Ms. Wickenheiser has shown a lot of heart throughout her career in women's hockey, winning world championships and an Olympic gold medal. But her skating has always looked laborious. Moving at a faster pace on a larger European ice surface will be a daunting task against stronger, more experienced players. Jim Nill, the Detroit Red Wings' assistant general manager, called it "a step beyond" for Ms. Wickenheiser.

"I think she'll notice a difference in the speed of the game. Strength will be an issue but not so much in terms of contact. There will be more rubouts [as opposed to direct hits from opposing players] and guys will use their sticks for tugging and hooking," he said.

The fight for respect, as much as for survival, is the fight of all small players.

Terry Kane, a former physiotherapist with the Calgary Flames and the Canadian national team, said smaller men who have thrived in the NHL are those who honed their skills in other areas.

"I remember when Cliff Ronning [5 foot 8, 165 pounds] was with the national team. He got hit once and was flipped in the air. By the time he hit the ice he was yelling at the ref that there were too many men on the ice -- and he was right. Even upside down in the air he had that view of the ice."

Mr. Straka, the Pittsburgh Penguins' 5-foot-9, 178-pound winger, said being small in a big man's game means "using things [such as] quickness. If you are quick enough, you can succeed."

Darcy Tucker, the Toronto Maple Leafs' 5-foot-11, 185-pound agitator, said he has learned to live by wits and courage. "To survive . . . you have to use your smarts. You have to use your head and try to anticipate things," said Mr. Tucker, who admitted anything was possible, including a woman one day playing in the NHL.

"More power to [Ms. Wickenheiser]. I sure wouldn't be the guy who tries to stop her."

And yet, Mr. Tucker was quick to add: "Are you going to ask me if I'd let up [on her]? No way. That's not how to play the game."

One of the boys?

Though she is the same size as a few NHL players, many wonder how Hayley Wickenheiser (5 foot 9, 170 pounds) will fare playing in a men's hockey league.

How women in general compare to men

While they can be the same size and weight as men, women have some major anatomical differences - some are a help, others a hindrance.

Disadvantage: Bone mass

Women have less bone mass than men, making them lighter.

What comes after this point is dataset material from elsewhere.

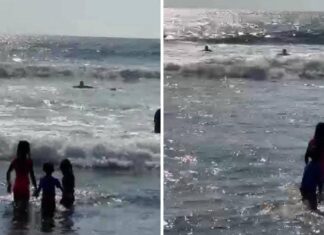 Rescatan Guardavidas de UEPC Colima a Cuatro Personas de Jalisco en el Mar; Entre Ellos un Menor de 11 Años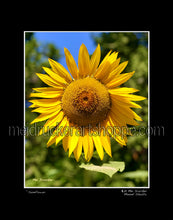 Load image into Gallery viewer, 11&quot;x14&quot; Photography Matted Print《Sunflower》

Advantage: Centre of gravity

Women have a lower centre of gravity, which adds to their level of stability on skates.

Disadvantage: Lungs

Most women's lungs are roughly 25-30% smaller than men's, so they can process oxygen as efficiently.

Disadvantage: Muscle mass

Women have about 50% less muscle mass than men due to their lack of testosterone, a key hormone in building muscle tissue. Females are at a disadvantage in strength, speed and power, and lack the extra weight that muscles add.

Disadvantage: Body frame

Women generally have smaller shoulders and limbs. Trying to match men's stride length and arm reach means females are stretching to the extremes, putting their joints under greater stress.

Disadvantage: Heart

Generally, a woman's heart is about 25% smaller than a man's. Her heart pumps less blood with each beat, which causes earlier fatigue.

Advantage: Body heat

Women sweat less, lose less heat through evaporation, and reach higher body temperatures before sweating starts, which helps deter dehydration.